Before making my 2014 New Year’s resolution this year, I took a hard look at my 2013 New Year’s resolutions I set exactly one year ago. I had five resolutions which were a mix of performing well at work, calling mom, dating my husband, keeping in touch with old friends, and staying healthy (specifically, exercising 4 -5 times a week).
For most of the resolutions, I made a commendable effort with room for improvement. However, I really knocked the staying healthy one out of the park! For almost every single week in 2013, I exercised at least 30 mins 5 times a week. At the beginning of last year, I was a bit nervous about this resolution since I had just started my job, traveled for business about 25-30% of the time, and worked 60+ hours a week.
So for 2014, I’m definitely renewing this resolution and would like to reflect on what worked well to juggle work with working out.
1. Plan Ahead: My goal was simply to exercise 4 – 5 times a week, but it didn’t matter on which days (e.g., Monday or Friday). Given this slight flexibility, I would examine my calendar in the week ahead to identify which days would be difficult to work out and designate 2-3 of them as rest days. For example, if I were traveling to rural Indonesia on Thursday and Friday, then I would designate those days as rest days and workout Monday through Wednesday and the weekend.

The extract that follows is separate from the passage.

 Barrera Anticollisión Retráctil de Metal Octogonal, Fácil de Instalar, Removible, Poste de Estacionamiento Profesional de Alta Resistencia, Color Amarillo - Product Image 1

2. Convenience Matters ALOT: I am lazy. I hate packing a small suitcase to travel to a faraway gym. The less work I have to do, the more I likely I’ll actually do it. Therefore, I try to make it as easy as possible for me to work out.
- Clothes: My pajamas are workout clothes. That way, I can wake up in the morning and immediately start exercising. It saves time and effort.
- Workout Activity: Running is my go-to activity. It’s so convenient because you can do it almost anywhere. Wake up, put your running shoes on, and head out the door. Another activity that I’m absolutely addicted to is these Insanity DVD’s. (If you haven’t heard of this program, then you need to drop everything and get them. These are a series of interval training workouts. Think exercises like jumping jacks, squats, and push ups for a minute each at 3-4 minute intervals for a total of 45 to 60 minutes.) They tone you up in no time. You can pop in one of these DVD’s and start jumping around like a mad man. The best part is that you can take these videos with you anywhere, including business trips.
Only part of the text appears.